[R-G] Arshin Adib-Moghaddam, "Independence Is a Hard-earned Reality in Iran"
Yoshie Furuhashi
critical.montages at gmail.com
Tue Jul 28 21:17:15 MDT 2009
Arshin Adib-Moghaddam is by far the most attractive exponent of what
the bulk of rank-and-file Green Movement protesters stand for. There
are types of pro-Green commentators, both Iranian and non-Iranian, who
think that the Green Movement is (or at least can be) an incipient
movement toward secular liberal democracy (e.g., Saeed Rahnema) or
social (or even socialist) revolution (e.g., Reza Fiyouzat), but
reading and listening to what Green leaders and rank-and-filers are
writing and saying, the movement is by and large what Adib-Moghaddam
says it is. Furthermore, it is most probable that Adib-Moghaddam's
confidence in Iran's independence is warranted, though leftists in the
West, given our position in the division of labor, must be vigilant in
counteracting all attempts by imperialists, which are real, to exploit
the movement. -- Yoshie
<http://mrzine.monthlyreview.org/aam280709.html>
Independence Is a Hard-earned Reality in Iran
by Arshin Adib-Moghaddam
Iranians are writing their history. The pen of the revolutionaries of
the 1970s has been supplemented by the keyboard of a new generation.
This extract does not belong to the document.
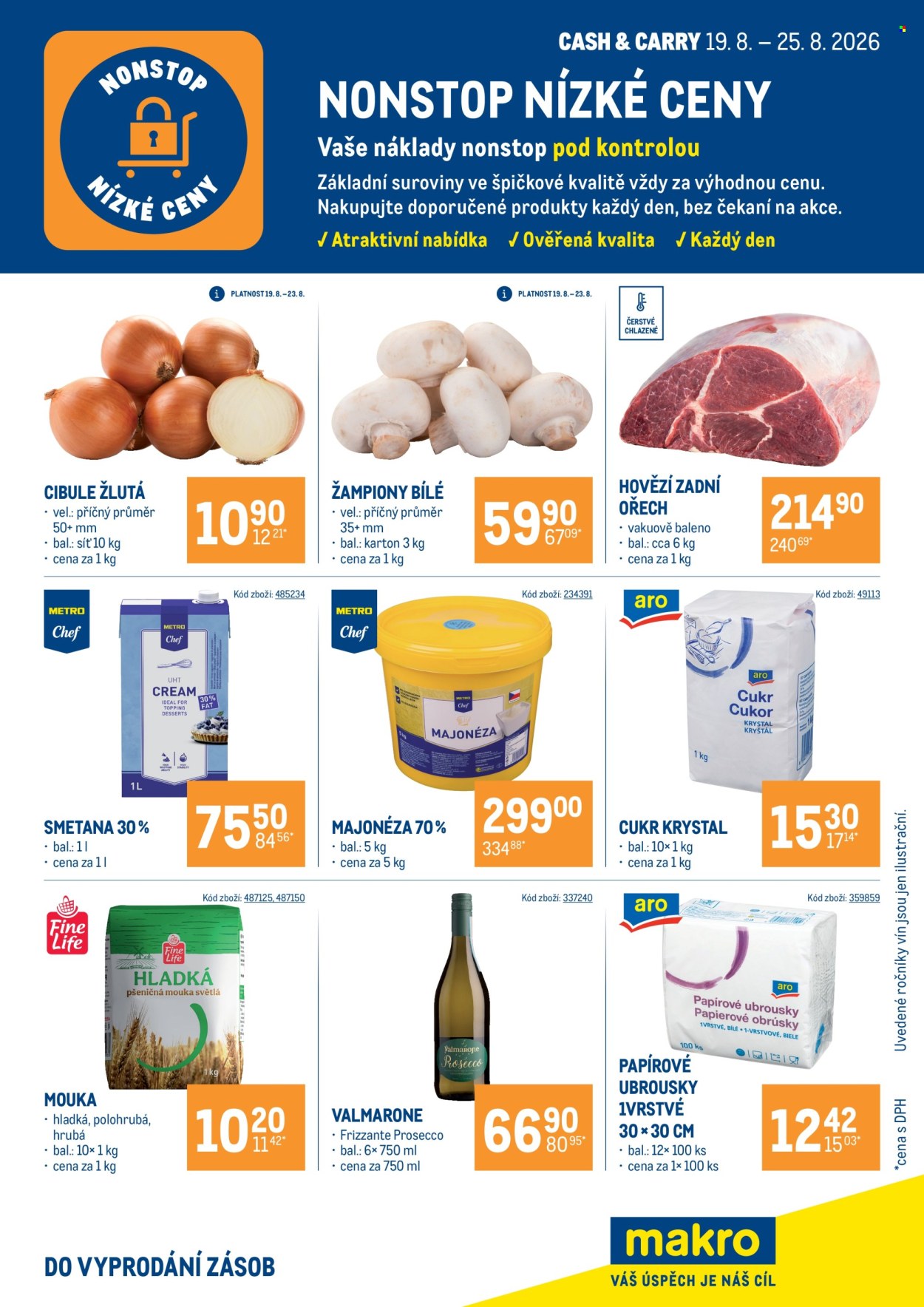 Leták MAKRO - 19.8.2026 - 25.8.2026. Strana 1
Ayatollah Khomeini's supporters perfected clandestine pamphleteering
and the distribution of audio cassettes to subvert the regime of the
shah; today's activists use Facebook and Twitter to get their message
across. This is not a movement for western "modernity"; this is not a
battle at the end of which Iran will be either pro-western or
anti-western. This is a movement that is realising the original
utopia of the revolution in 1979: independence, freedom, Islamic
Republic.
Indeed, out of these three emotive ideas, the first (independence) and
the third (Islamic Republic) have been repeatedly linked in the
official discourse of successive Iranian governments: "the Islamic
Republic is independent" has not only been the standard response of
Mahmoud Ahmadinejad to the questions of inquisitive foreign
journalists, but one of the main ideological narratives after the
revolution in 1979. It is ironic that Ahmadinejad and his nefarious
backers allege that the mass movement against their electoral coup de
force has been inspired by foreign agents, organised by the BBC, CNN,
or the British embassy in Tehran.
What makes the current protests historic is the fact that "the west"
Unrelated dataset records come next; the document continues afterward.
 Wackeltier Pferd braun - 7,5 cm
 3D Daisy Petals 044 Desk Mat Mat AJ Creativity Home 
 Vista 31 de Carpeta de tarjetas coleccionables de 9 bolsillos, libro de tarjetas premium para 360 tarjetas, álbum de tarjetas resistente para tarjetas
isn't even an issue. The demonstrators do not really care what Gordon
Brown, Barack Obama or others think. They start from a firm belief in
the independence of Iran which has been achieved after the Islamic
revolution in 1979. Of course, I am not suggesting that governments
are not plotting and scheming to fulfil their destructive agendas.
The curse of oil has brought the country that unwanted attention.
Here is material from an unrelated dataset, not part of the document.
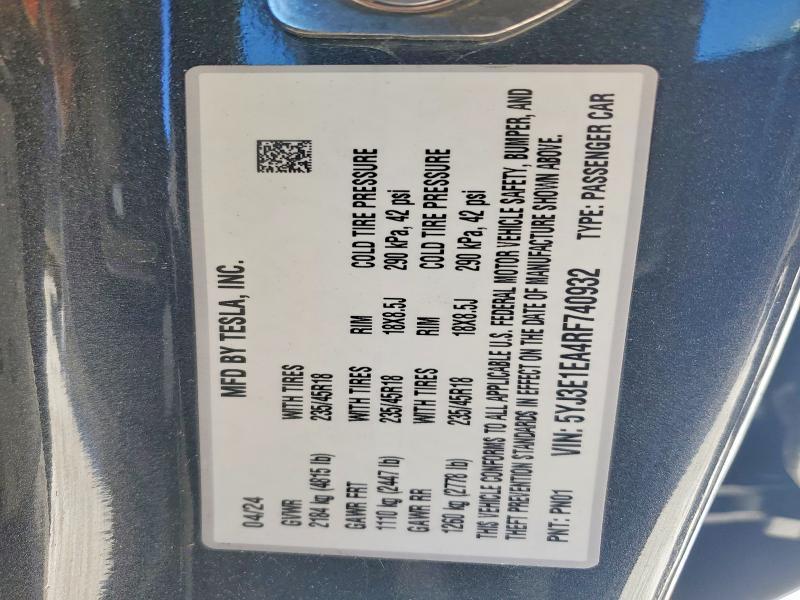 2024 Tesla Model 3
What I am saying is that since the revolution in 1979 Iranians have
written their own narrative. Independence is a hard-earned reality in
Iran, one that the post-revolutionary generation has paid for dearly.
Does the establishment really want to suggest that large swaths of
Iranian society are easily manipulated by foreign agents? This goes
against what they have propagated for three decades now.
It is another irony of this historical conjuncture in Iran that some
in Britain and beyond seem to reiterate the myth that Iranians are
risking life and limb in order to jump on the western bandwagon
("modernity"), to become less "Muslim" (irrational), whiter, a bit
more like us.
Consider the recent article by Martin Amis. It is not only that Amis
alleges it was not Saddam Hussein who actually started the Iran-Iraq
war, but Ayatollah Khomeini (a vulgar example of historical
revisionism). It is not only that he implies that Iran would attack
Bahrain and that equipped "with weapons of fission or fusion"
Ayatollah Khamenei "may delegate first use to Hezbollah, or to the
Call of Islam, or to the Legion of the Pure".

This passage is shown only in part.